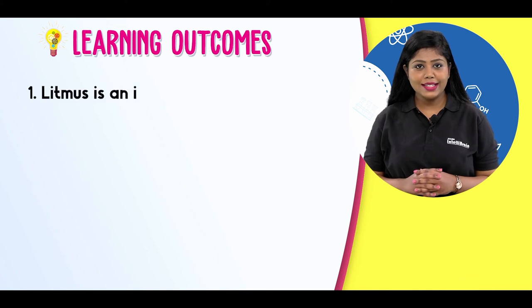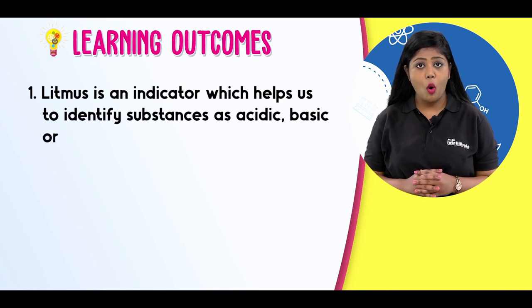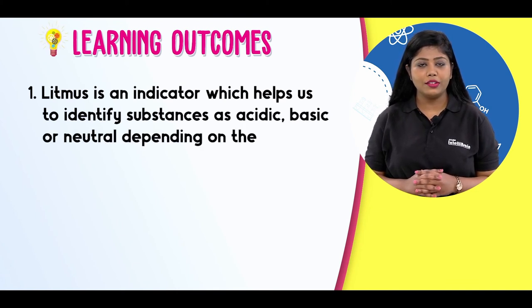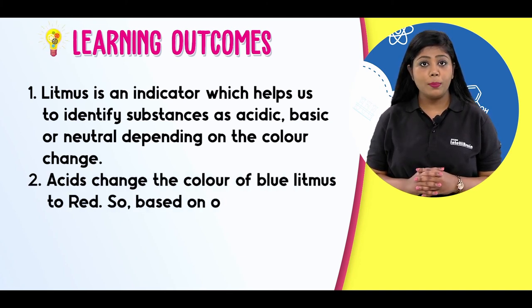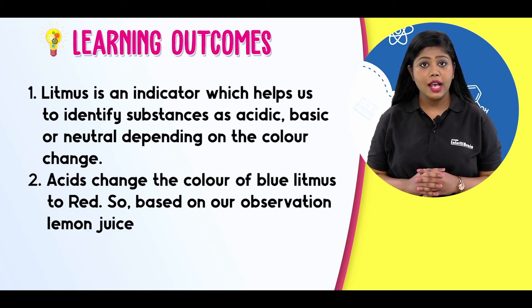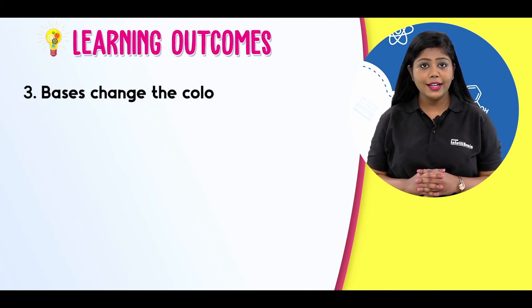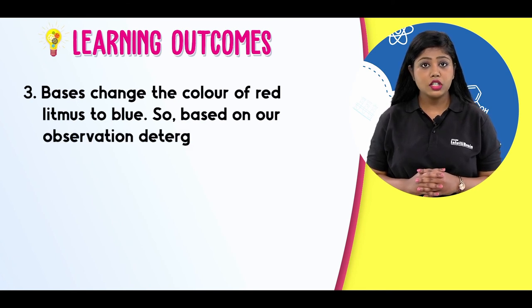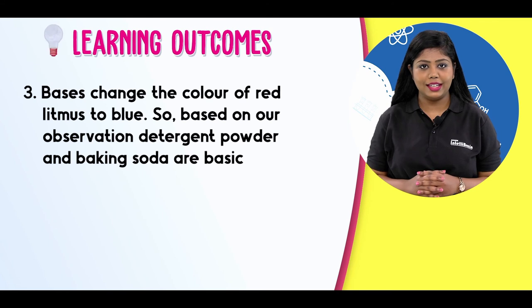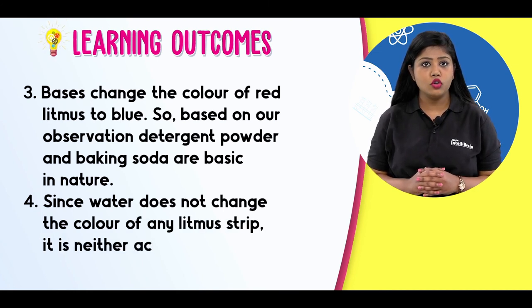Litmus is an indicator which helps us to identify substances as acidic, basic or neutral depending on the color change. Acids change the color of blue litmus to red. So based on our observation, lemon juice and vinegar are acidic in nature. Bases change the color of red litmus to blue. So based on our observation, detergent powder and baking soda are basic in nature. Since water does not change the color of any litmus strip, it is neither acidic nor basic.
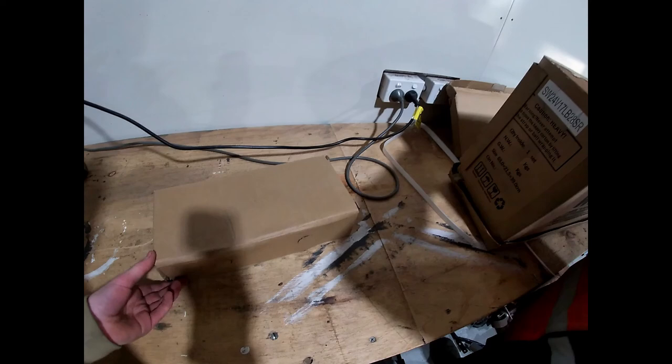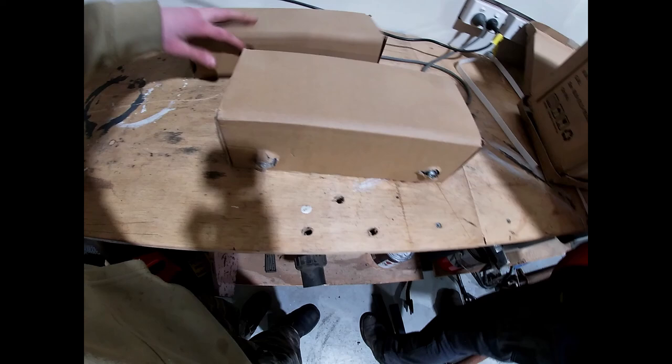That one's cables, that one's a wave, and there's a winch in there.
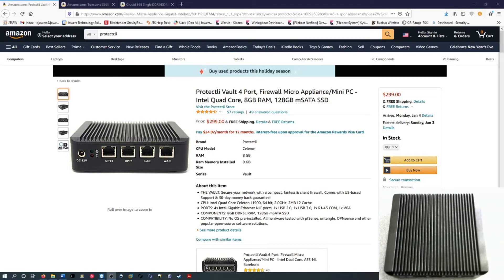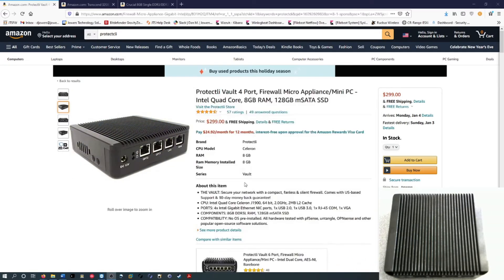Hey guys, welcome back to Java Technology Solutions. Today I'm going to do something a little bit different — I'm going to do a quick overview on this firewall that I just bought. This is the Protectly Vault 4 port.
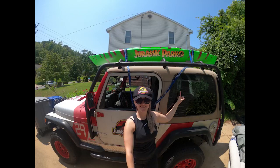Hello and welcome to my channel. Today I'm going to show you how to strap a kayak onto your vehicle.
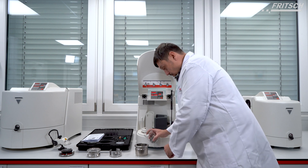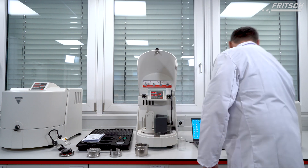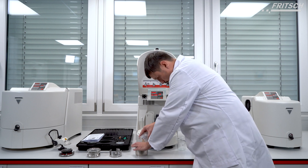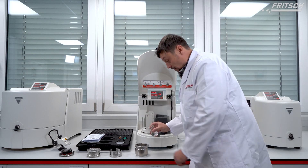We use some grinding balls, 10 mm, 50 pieces of them. We have here our silica sample and we have isopropanol alcohol.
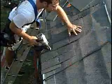Failure to properly install Lamerite Slate Composite Shingles according to TAMCO's written instructions will terminate TAMCO liability under the limited warranty.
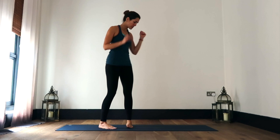Hi guys, so for today's video we're going to be working on a bit of a cool down, the kind of video that you would do after your flow, working your way in towards some stretches and then coming into your Shavasana.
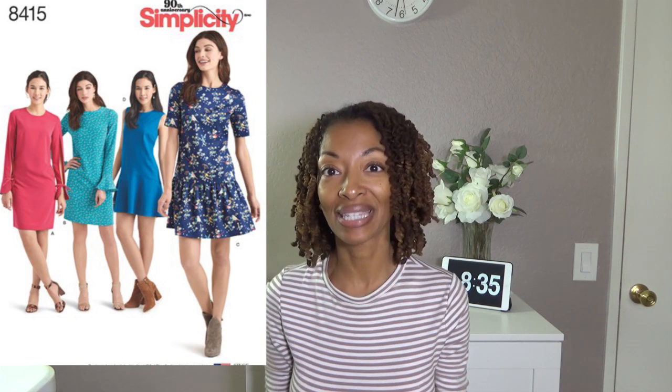The next one is Simplicity 8415. I made View C and I made it as a top instead of a dress. Out of all of these patterns, this is the only scrap buster project.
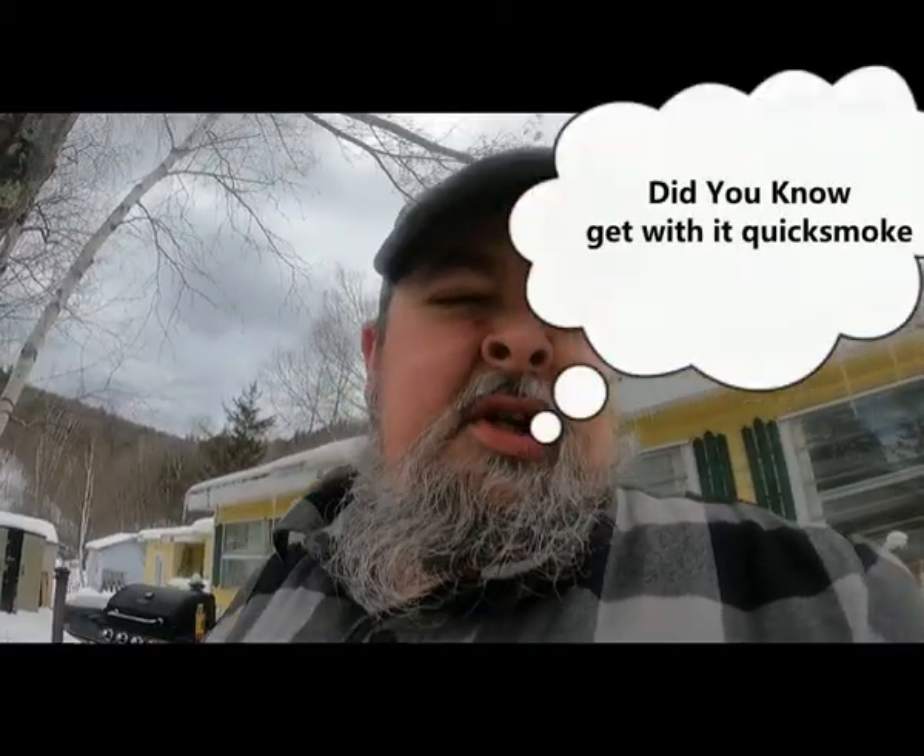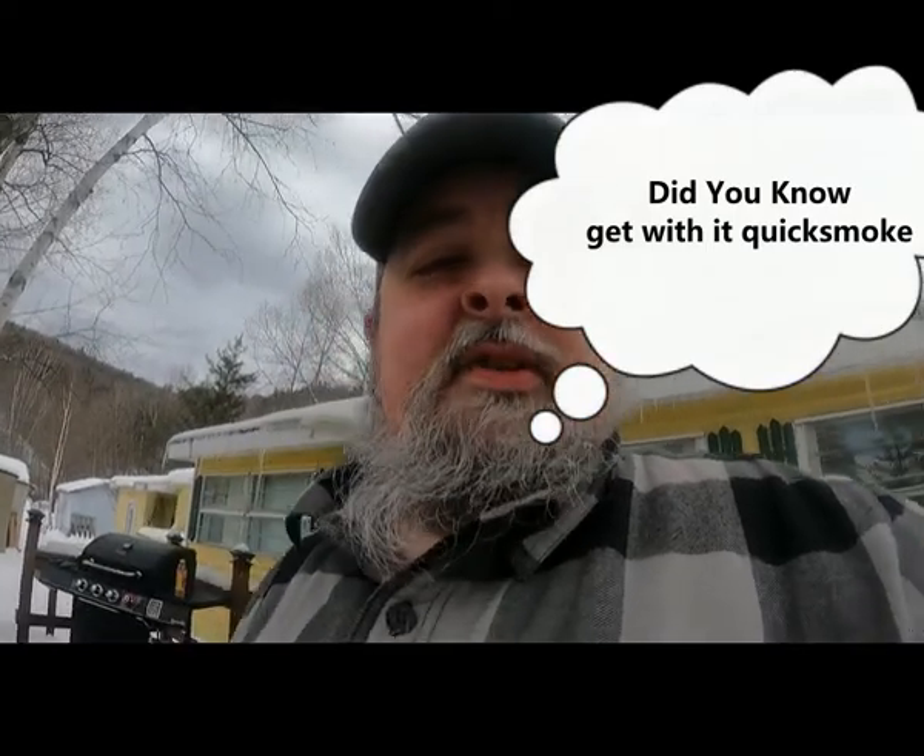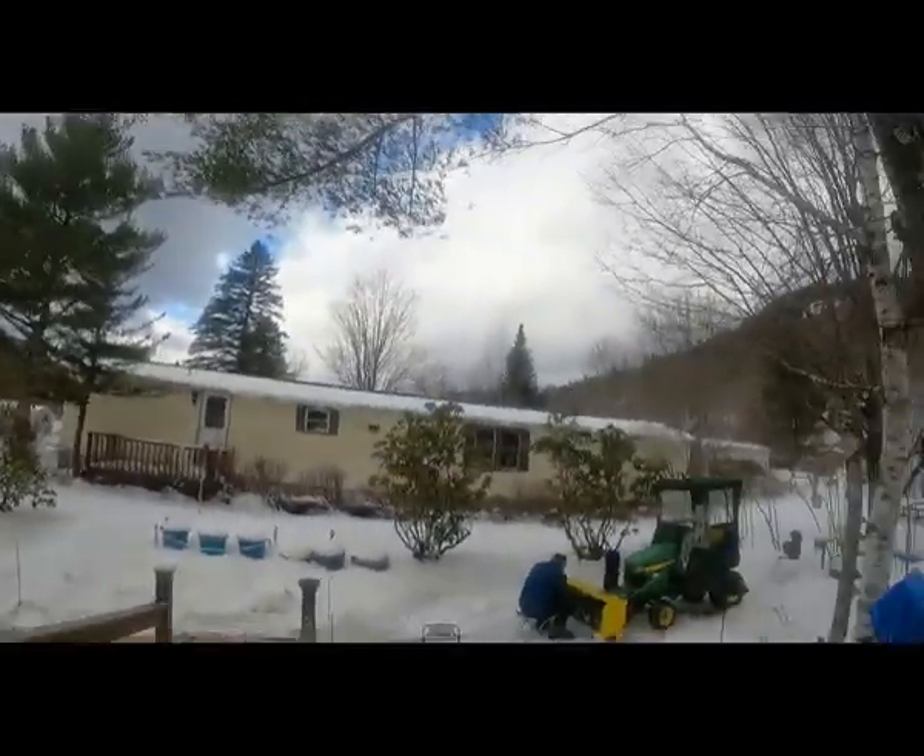Hey, quick smoke here with something a little different today — a new episode of 'Now You Know' (I can't remember the title, that's how professional I am). We have my John Deere here and we broke a shear pin on it, so we're going to replace it. I've never done this before but I have watched videos on it. I'm not a mechanic, but I've played one on YouTube.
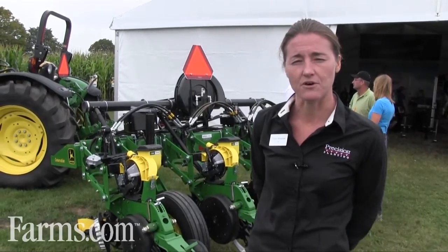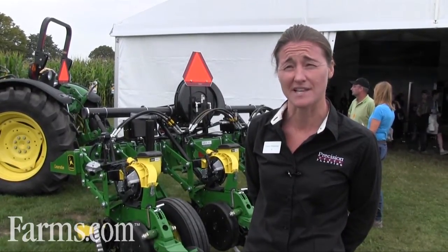I'm Dawn Mast with Precision Planting based out of Tremont, Illinois. You're at the Ontario Outdoor Show, and what we're looking at is a plot planter outside the Monsanto booth, really outfitted with the latest and greatest from Precision Planting.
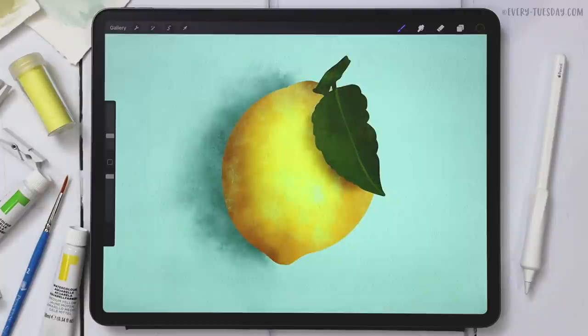Hello and welcome to another Every Tuesday tutorial. In this week's tutorial we're creating a watercolor lemon entirely in Procreate. What you see on screen is exactly what we're going to be creating together.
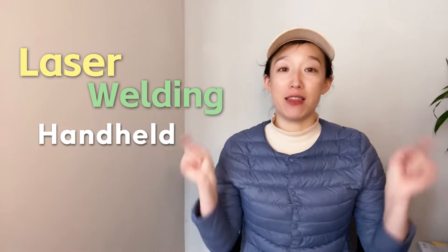Hi, Clara here. Today we are going to tell the solution for laser cutting. It will be a show of handheld laser welding machine. You could find the machine details, configurations, start-up steps and tests in this video.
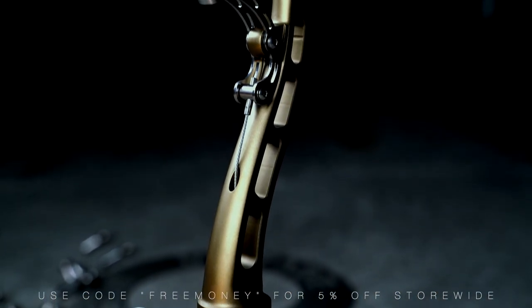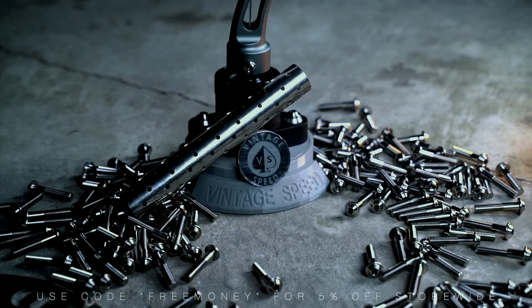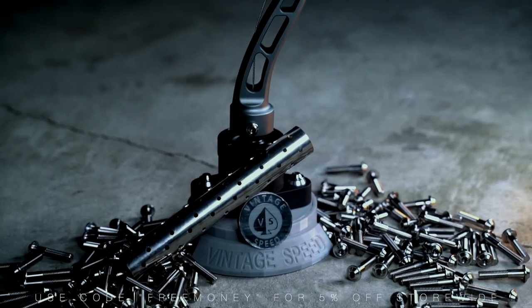By pressing the butt catch, the butt slides off. Notice the respective positions of the trigger, cocking handle, and fire control lever.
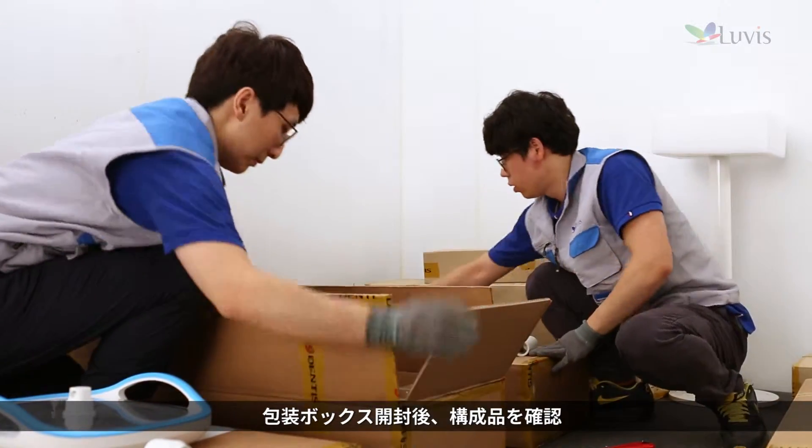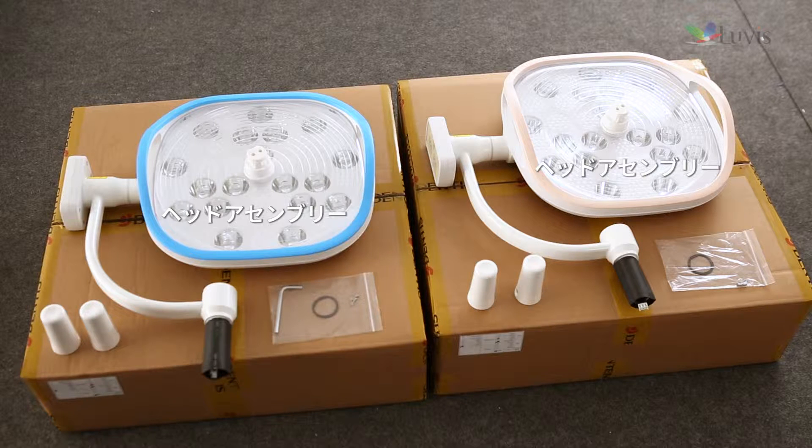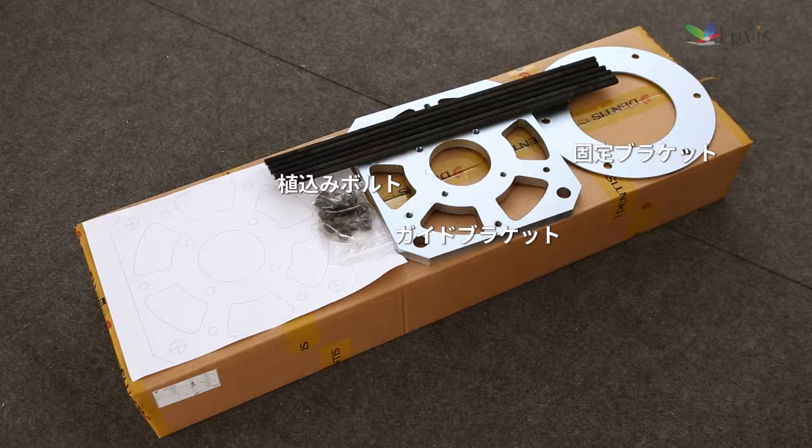Check components after opening the package box. Contents include: head assembly box; first horizontal arm 1 and wall second arm 1 and 2 box; dual ceiling vertical arm, ceiling cover, and ceiling cover bracket box; and guide bracket, fixing bracket, and stud bolt box.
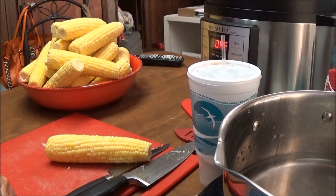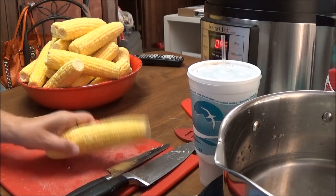Hi, this is Debbie with the Food Prepping Channel and I'm going to show you how I'm going to freeze my corn. I have got yellow corn here.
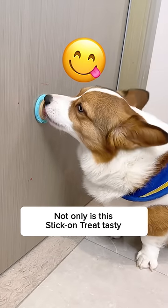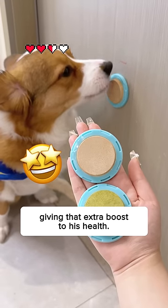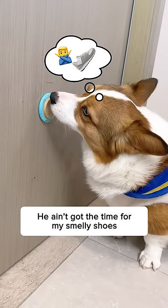Not only is this stick-on treat tasty, but it also consists of probiotics, giving that extra boost to his health. He ain't got the time for my smelly shoes now that he's busy with this.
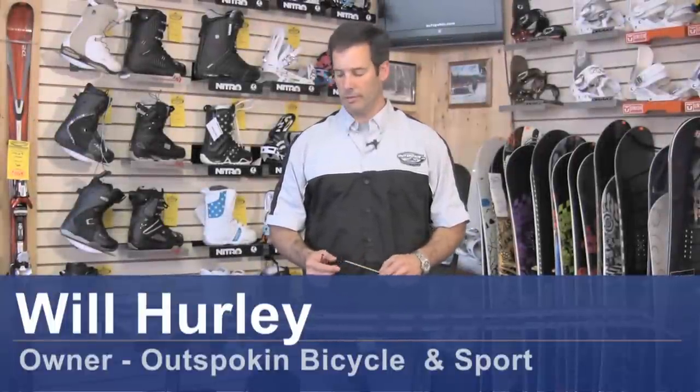Hi, I'm Will from the Outspoken Bicycle and Sport Shop located in Newbury, New Hampshire. Today we're going to give you a couple of ski tuning tips.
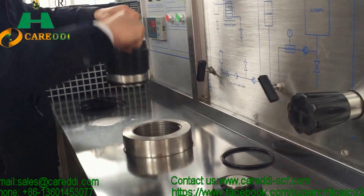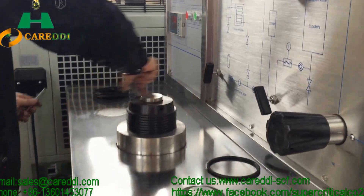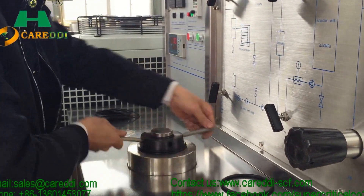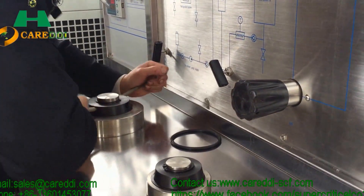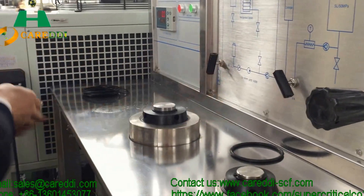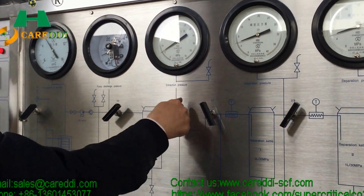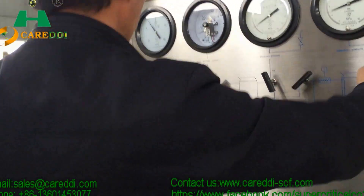Now we put in the gasket and tighten the cover using special metal tools to make it safe before the extraction operation. The engineer is setting the temperature and pressure when the machine starts, and adjusting all kinds of valves to control pressure and temperature.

==*==

Your assignment>
Both the line containing "Hi, this is" and the line containing "Not only is" above belong in the output, as do the lines between them. Print them exactly, without pictures.

Exercise solution>
Hi, this is Debbie with the Food Prepping Channel and I'm going to show you how I'm going to freeze my corn. I have got yellow corn here.
Not only is this stick-on treat tasty, but it also consists of probiotics, giving that extra boost to his health. He ain't got the time for my smelly shoes now that he's busy with this.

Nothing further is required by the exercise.